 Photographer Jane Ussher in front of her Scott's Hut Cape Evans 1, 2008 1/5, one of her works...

---

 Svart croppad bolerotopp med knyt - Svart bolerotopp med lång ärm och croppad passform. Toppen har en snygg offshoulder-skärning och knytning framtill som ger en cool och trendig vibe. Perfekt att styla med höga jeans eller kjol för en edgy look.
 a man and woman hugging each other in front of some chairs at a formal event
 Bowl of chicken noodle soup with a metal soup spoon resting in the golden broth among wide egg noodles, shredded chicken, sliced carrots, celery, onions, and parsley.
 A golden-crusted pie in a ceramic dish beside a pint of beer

==

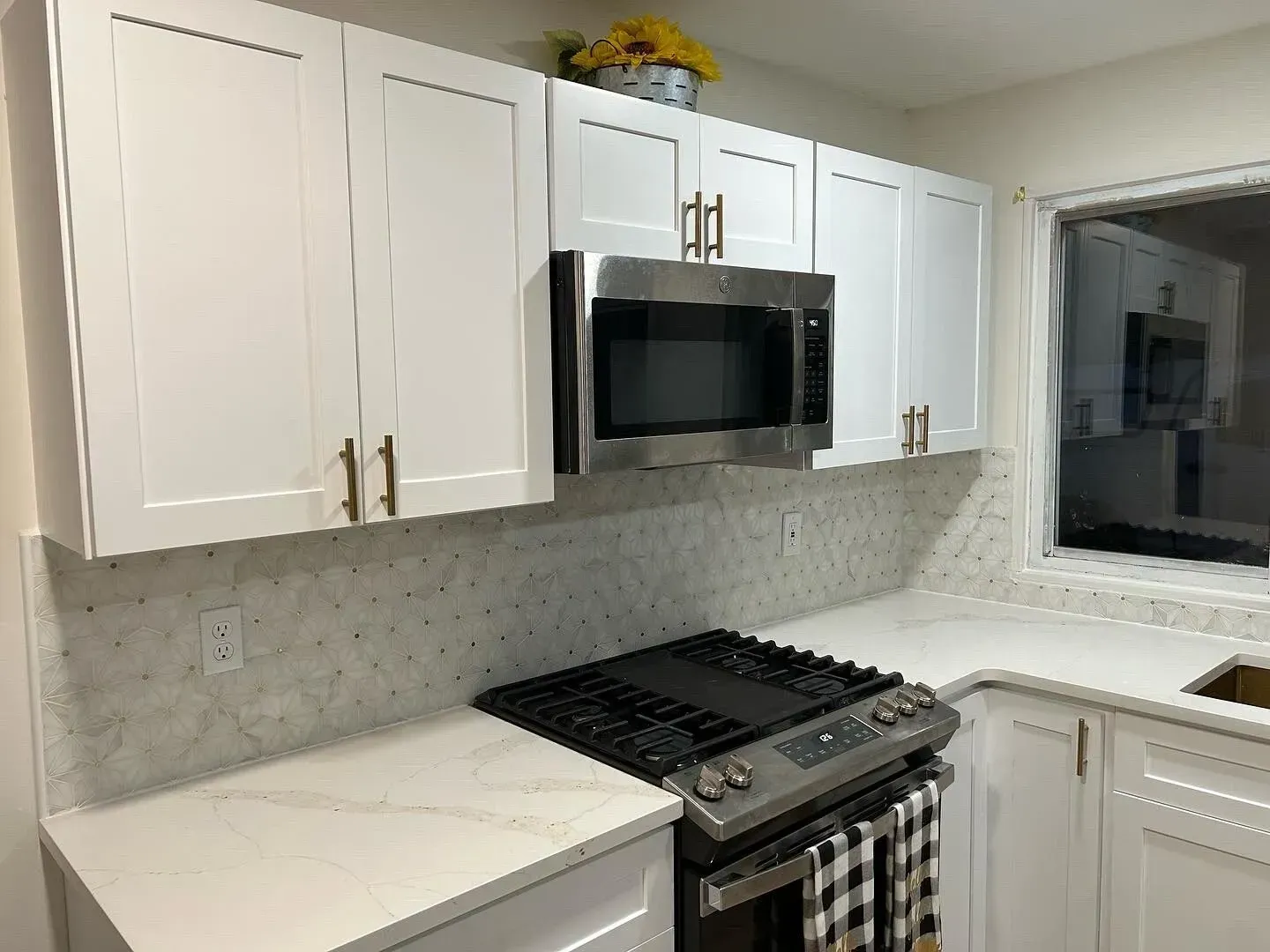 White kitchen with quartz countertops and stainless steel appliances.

▸ **PROBLEM DETAILS**:
Write down how many lines in this listing contain the word "front"; the number is the whole answer.

▸ **ANSWER SPACE**:
2